• **THE TASK**:
For this exercise, retype every record below exactly and keep the pictures out.

[[ RECORDS FOR THE TASK, beginning ]]

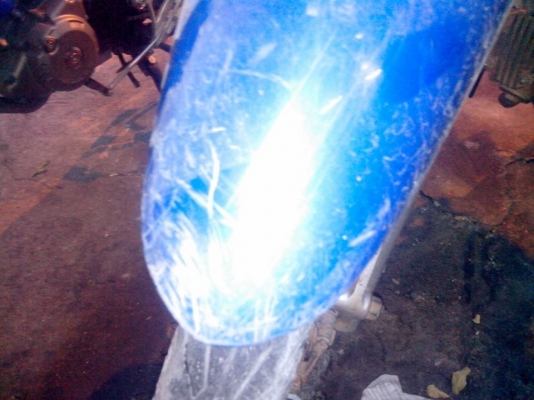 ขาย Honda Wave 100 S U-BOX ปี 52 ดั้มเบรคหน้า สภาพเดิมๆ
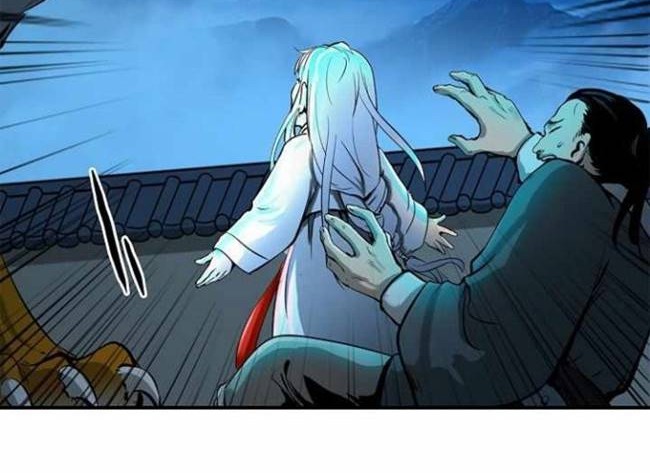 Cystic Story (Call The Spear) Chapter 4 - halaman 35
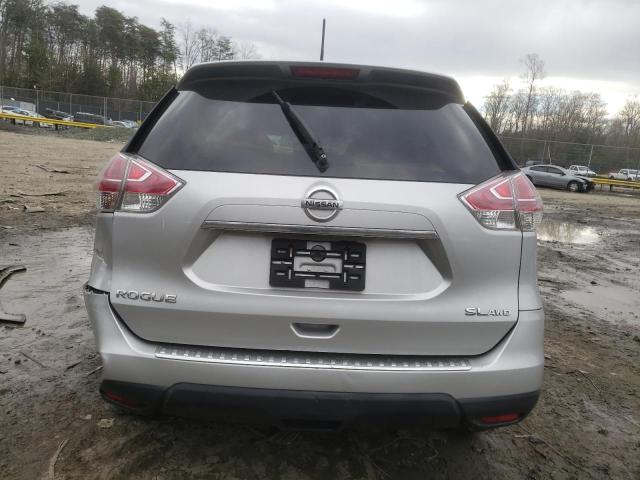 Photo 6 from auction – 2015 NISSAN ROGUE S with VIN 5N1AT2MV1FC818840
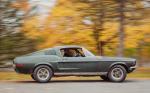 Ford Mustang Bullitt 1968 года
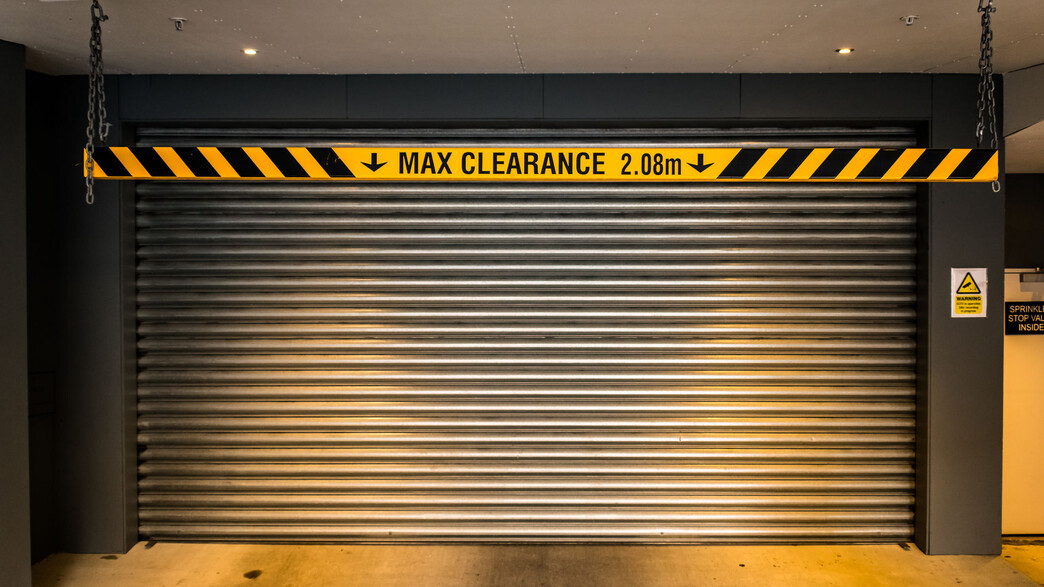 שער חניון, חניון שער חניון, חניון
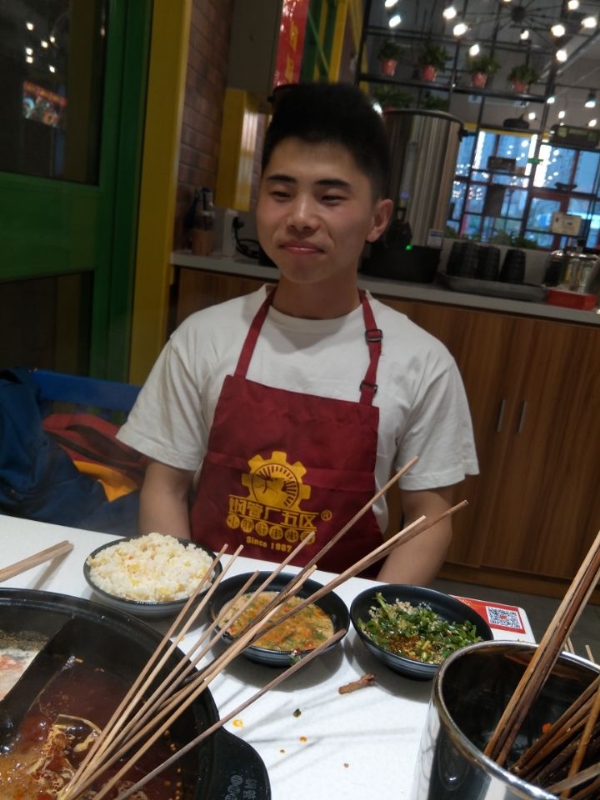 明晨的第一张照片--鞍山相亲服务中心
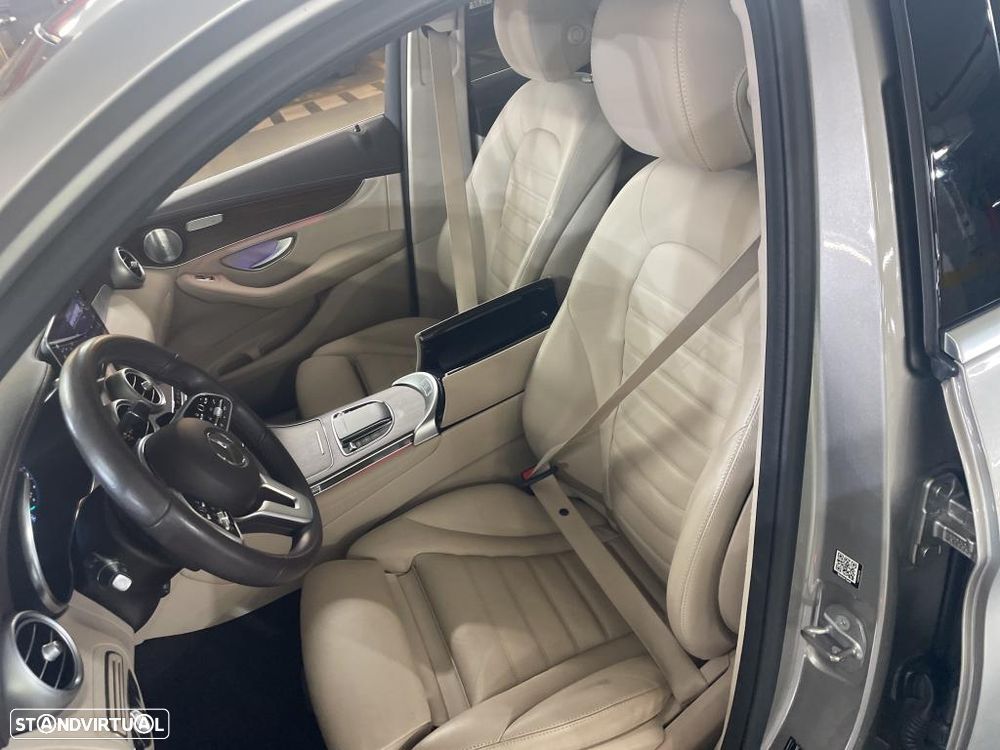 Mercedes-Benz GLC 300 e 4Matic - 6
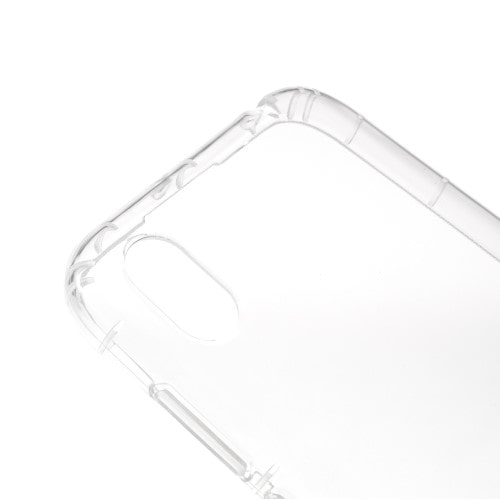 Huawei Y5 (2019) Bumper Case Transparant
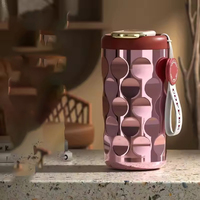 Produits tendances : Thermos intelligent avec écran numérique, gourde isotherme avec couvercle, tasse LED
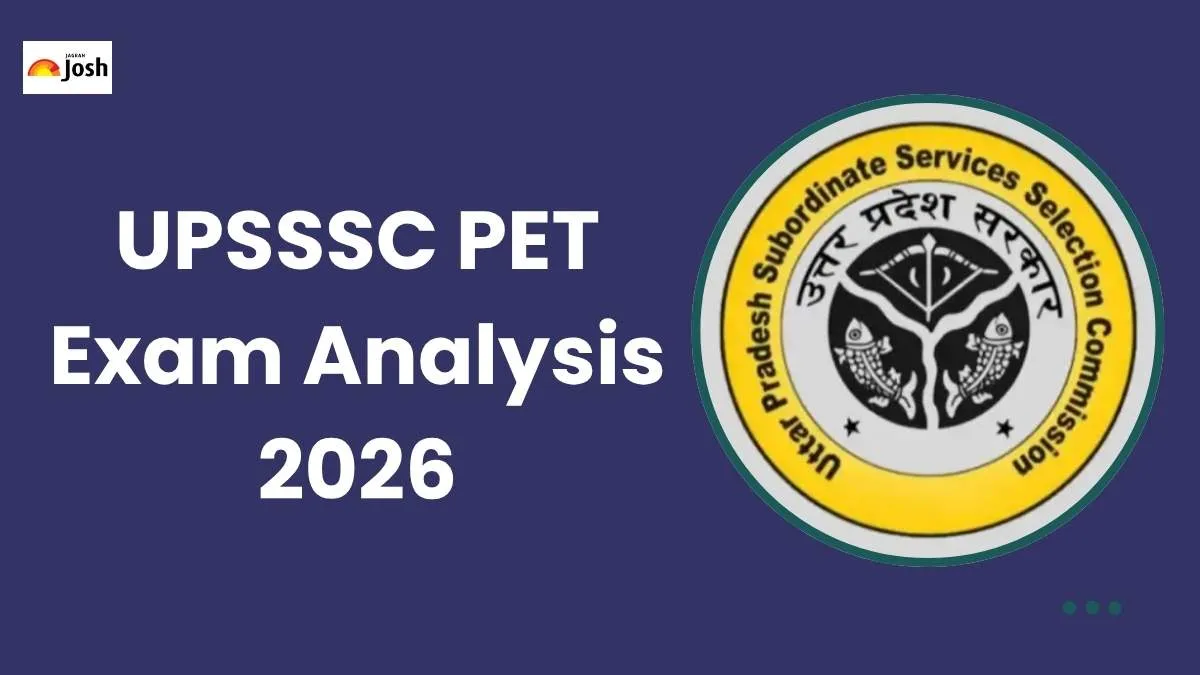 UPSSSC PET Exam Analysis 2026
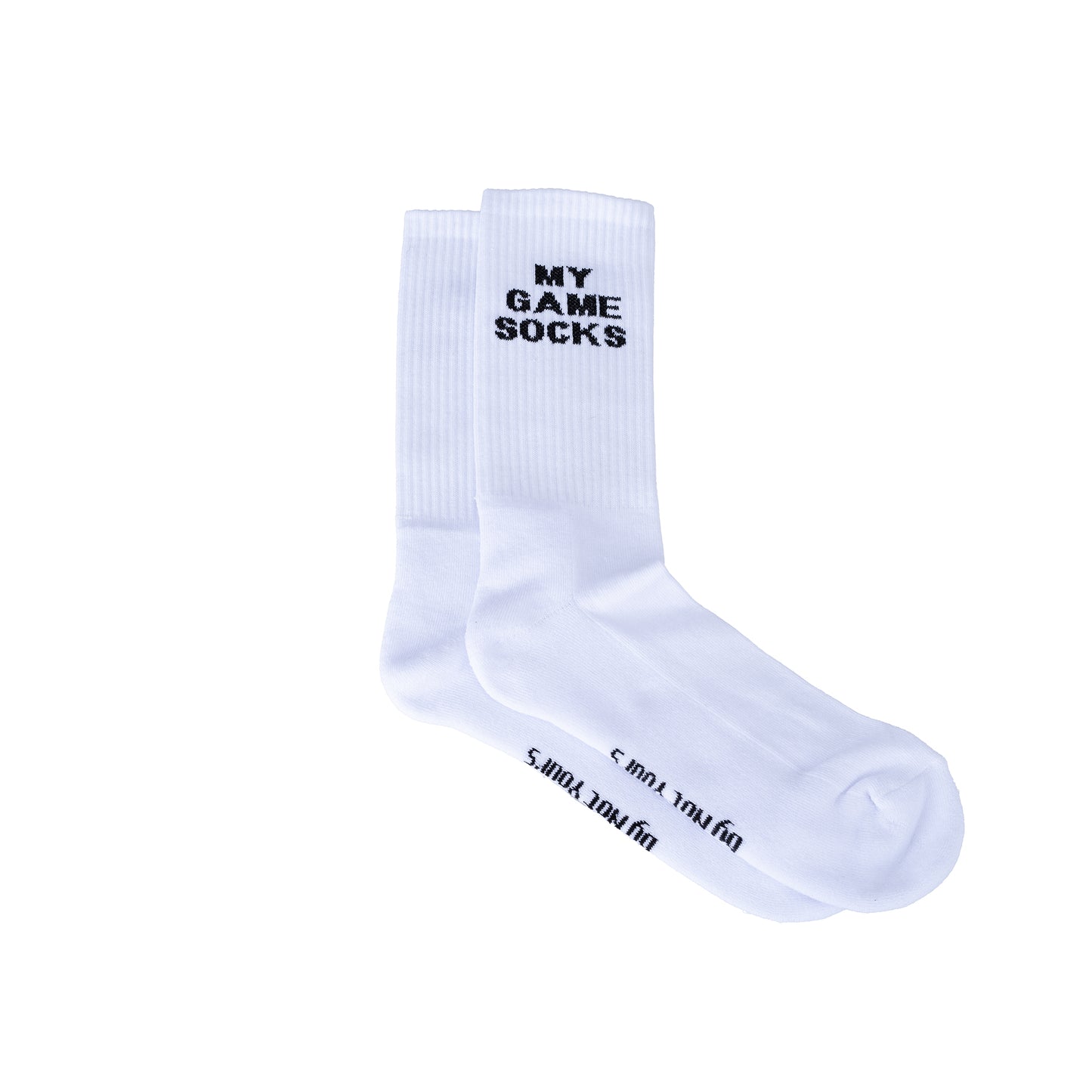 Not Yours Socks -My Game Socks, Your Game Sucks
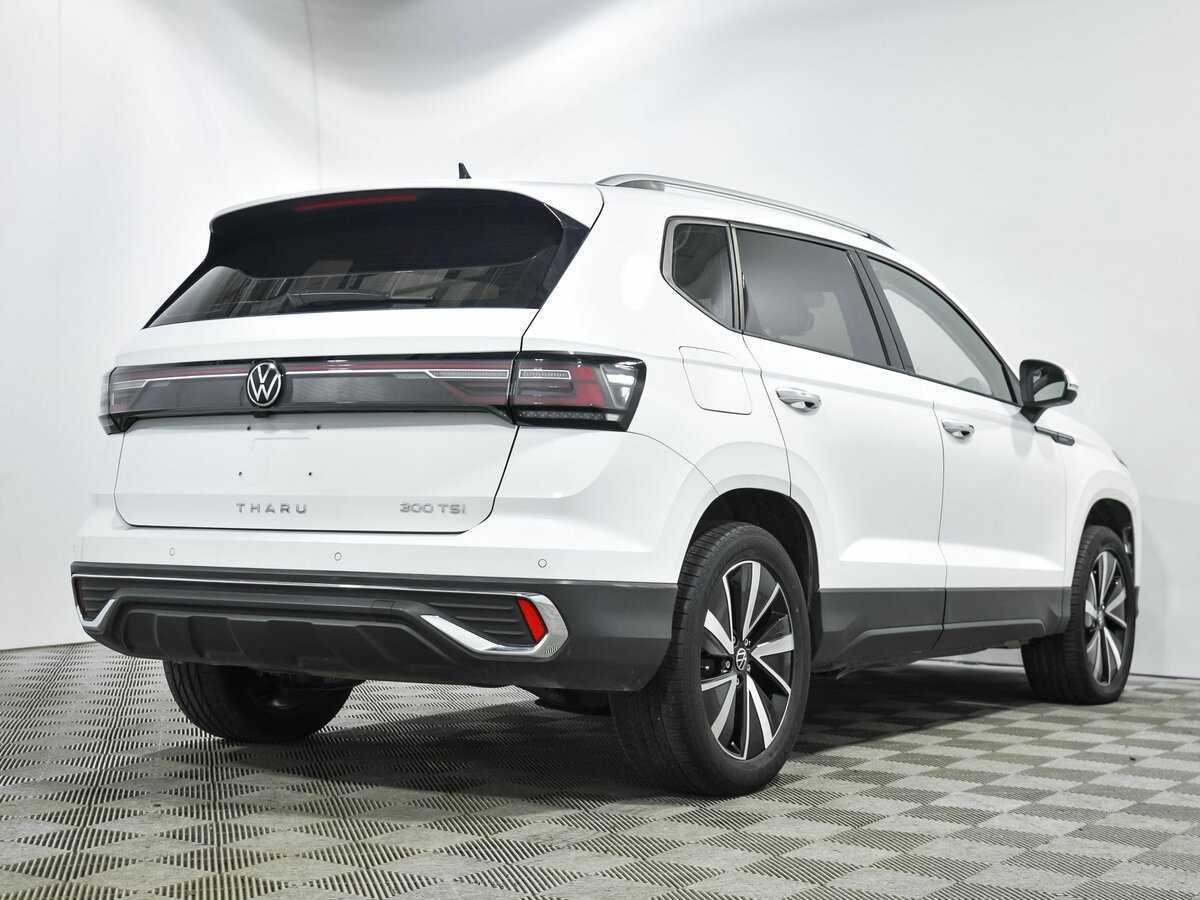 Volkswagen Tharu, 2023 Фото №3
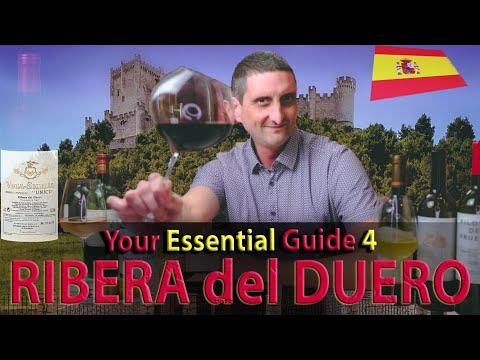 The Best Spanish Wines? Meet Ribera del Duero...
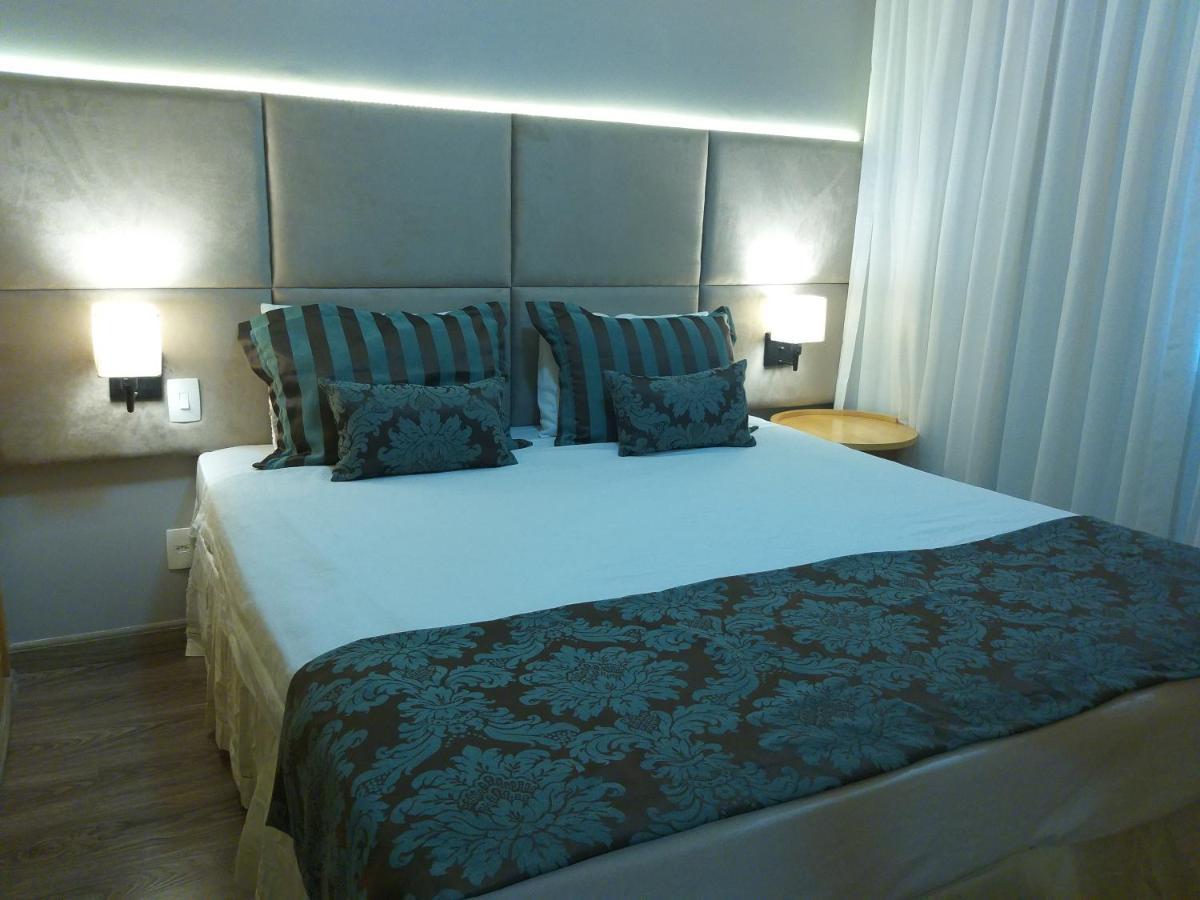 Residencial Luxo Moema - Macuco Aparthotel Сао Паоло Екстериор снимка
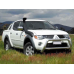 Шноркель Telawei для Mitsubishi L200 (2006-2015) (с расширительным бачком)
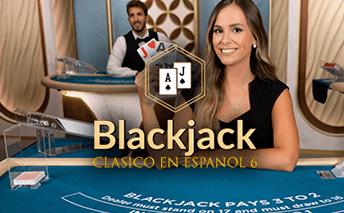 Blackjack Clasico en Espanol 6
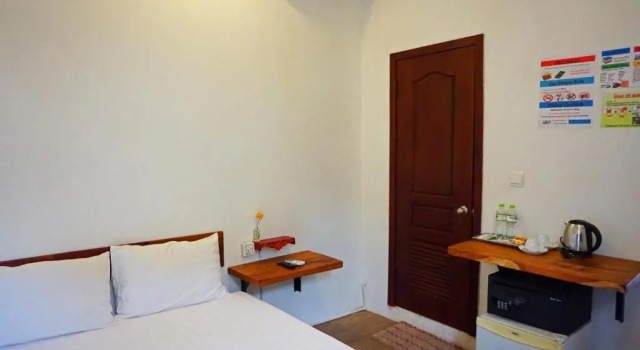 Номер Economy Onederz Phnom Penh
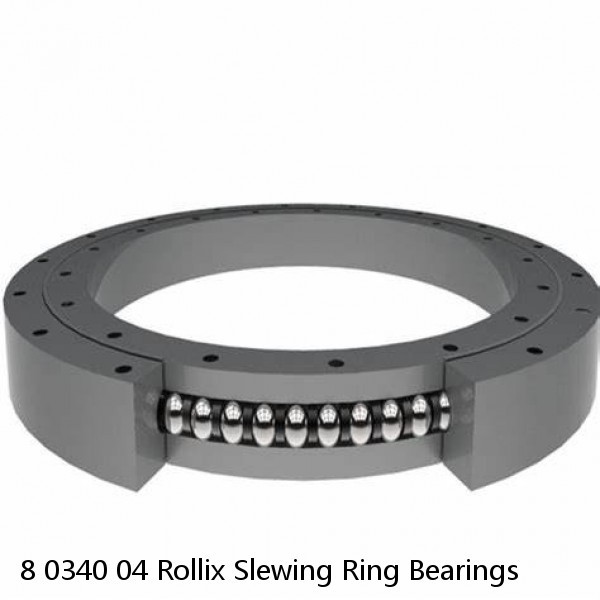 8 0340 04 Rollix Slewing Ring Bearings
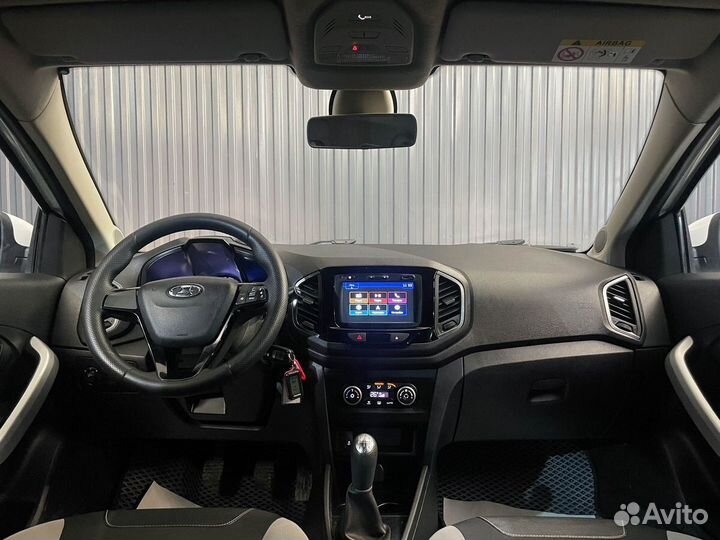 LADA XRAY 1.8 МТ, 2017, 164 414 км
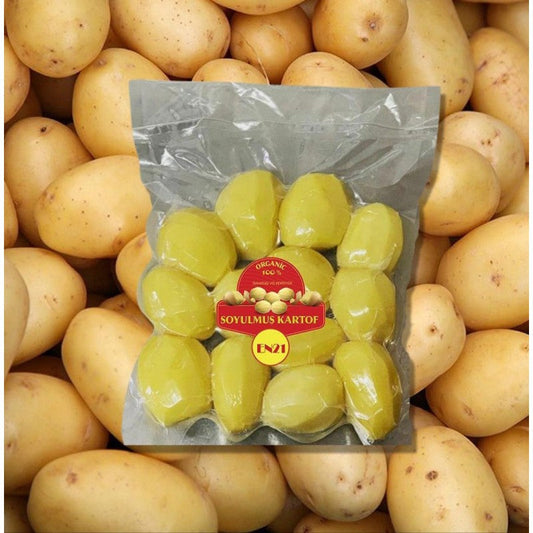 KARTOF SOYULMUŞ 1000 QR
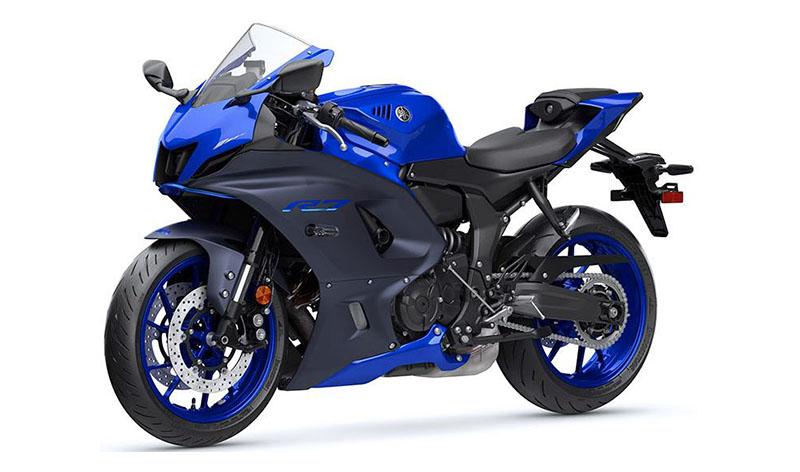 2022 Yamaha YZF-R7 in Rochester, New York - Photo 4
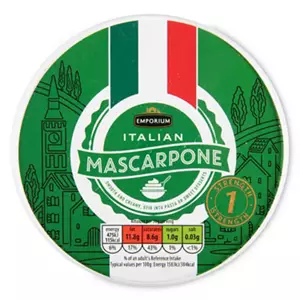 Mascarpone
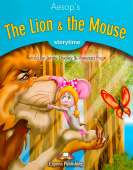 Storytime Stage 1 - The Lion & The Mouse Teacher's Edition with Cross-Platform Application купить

[[ RECORDS FOR THE TASK, end ]]

• **OUTPUT FOR THIS EXERCISE**:
 ขาย Honda Wave 100 S U-BOX ปี 52 ดั้มเบรคหน้า สภาพเดิมๆ
 Cystic Story (Call The Spear) Chapter 4 - halaman 35
 Photo 6 from auction – 2015 NISSAN ROGUE S with VIN 5N1AT2MV1FC818840
 Ford Mustang Bullitt 1968 года
 שער חניון, חניון שער חניון, חניון
 明晨的第一张照片--鞍山相亲服务中心
 Mercedes-Benz GLC 300 e 4Matic - 6
 Huawei Y5 (2019) Bumper Case Transparant
 Produits tendances : Thermos intelligent avec écran numérique, gourde isotherme avec couvercle, tasse LED
 UPSSSC PET Exam Analysis 2026
 Not Yours Socks -My Game Socks, Your Game Sucks
 Volkswagen Tharu, 2023 Фото №3
 The Best Spanish Wines? Meet Ribera del Duero...
 Residencial Luxo Moema - Macuco Aparthotel Сао Паоло Екстериор снимка
 Шноркель Telawei для Mitsubishi L200 (2006-2015) (с расширительным бачком)
 Blackjack Clasico en Espanol 6
 Номер Economy Onederz Phnom Penh
 8 0340 04 Rollix Slewing Ring Bearings
 LADA XRAY 1.8 МТ, 2017, 164 414 км
 KARTOF SOYULMUŞ 1000 QR
 2022 Yamaha YZF-R7 in Rochester, New York - Photo 4
 Mascarpone
 Storytime Stage 1 - The Lion & The Mouse Teacher's Edition with Cross-Platform Application купить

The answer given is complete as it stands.